Wednesday, October 06, 2004

Sony's Vaio X: Like TiVo on Steroids

I have Tivo. One of my problems with it is let's say you have the sports package and you want to flip channels between all 7 NFL games on TV at 10 am PST on Sunday morning. My Tivo only has two tuners...so if you flip to a channel right after a team does something exciting (scores a TD), you can't rewind and watch what just happened because the tuner just switched over to that channel. you could record two of the games, but then you are limited to watching only those two games. With this new Sony computer/home entertainment PC, it can simultaneously record 7 things at once...meaning it has 7 tuners. Meaning I can rewind any game I want! That's the shiznit!To understand the Vaio X computer it's best to think of it as three things packed into one black, shiny box.
On one side it's a multimedia personal computer, with two 250GB hard drives and a television tuner.
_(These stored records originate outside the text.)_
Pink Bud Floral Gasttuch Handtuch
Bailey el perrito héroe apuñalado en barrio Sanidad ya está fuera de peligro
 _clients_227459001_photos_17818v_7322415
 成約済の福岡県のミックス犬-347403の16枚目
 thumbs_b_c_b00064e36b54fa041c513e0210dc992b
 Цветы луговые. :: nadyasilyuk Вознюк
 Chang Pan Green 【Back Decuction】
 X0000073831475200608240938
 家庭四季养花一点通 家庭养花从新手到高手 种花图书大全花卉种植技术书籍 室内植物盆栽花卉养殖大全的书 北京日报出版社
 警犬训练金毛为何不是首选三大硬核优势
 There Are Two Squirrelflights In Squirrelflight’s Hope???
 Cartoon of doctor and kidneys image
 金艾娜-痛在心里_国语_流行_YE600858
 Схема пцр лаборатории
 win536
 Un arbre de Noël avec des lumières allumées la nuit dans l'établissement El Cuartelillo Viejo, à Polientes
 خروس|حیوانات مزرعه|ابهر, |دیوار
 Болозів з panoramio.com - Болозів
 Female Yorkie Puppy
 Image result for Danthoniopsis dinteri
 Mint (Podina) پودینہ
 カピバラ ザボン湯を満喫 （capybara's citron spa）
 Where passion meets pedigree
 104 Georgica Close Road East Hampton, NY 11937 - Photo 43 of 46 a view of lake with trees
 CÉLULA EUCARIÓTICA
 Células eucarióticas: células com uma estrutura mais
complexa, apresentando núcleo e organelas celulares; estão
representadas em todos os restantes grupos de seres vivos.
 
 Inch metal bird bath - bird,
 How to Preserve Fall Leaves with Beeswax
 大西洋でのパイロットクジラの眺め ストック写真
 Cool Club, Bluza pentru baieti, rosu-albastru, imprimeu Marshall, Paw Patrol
Users can do all the normal things they would with one of the company's Vaio computers including recording television programs from a single analog channel or, via an optional unit, a digital TV channel.
Also packed into its tower-PC sized case are two video server boards. Each unit contains three analog TV tuners and is connected to a 250GB hard drive. The unit runs on the Micro iTron operating system and the interface with the rest of the PC is via an Ethernet port, says Junji Tsuyuki, a senior product producer at Sony's IT and mobile solutions network department.
The three analog tuners mean it's possible to record three channels at once and because there are two server boards this rises to six channels simultaneously, says Tsuyuki. With the tuner from the PC side of the device also added, a user can record seven channels at the same time although the focus of the device is continuous, simultaneous recording of six programs via the dual video servers.
Users can bring up a grid-like electronic programming guide screen that, instead of looking forward, contains the past few days of television. Then, at the press of a button, any program can be watched on demand--a function Sony likens to a time machine.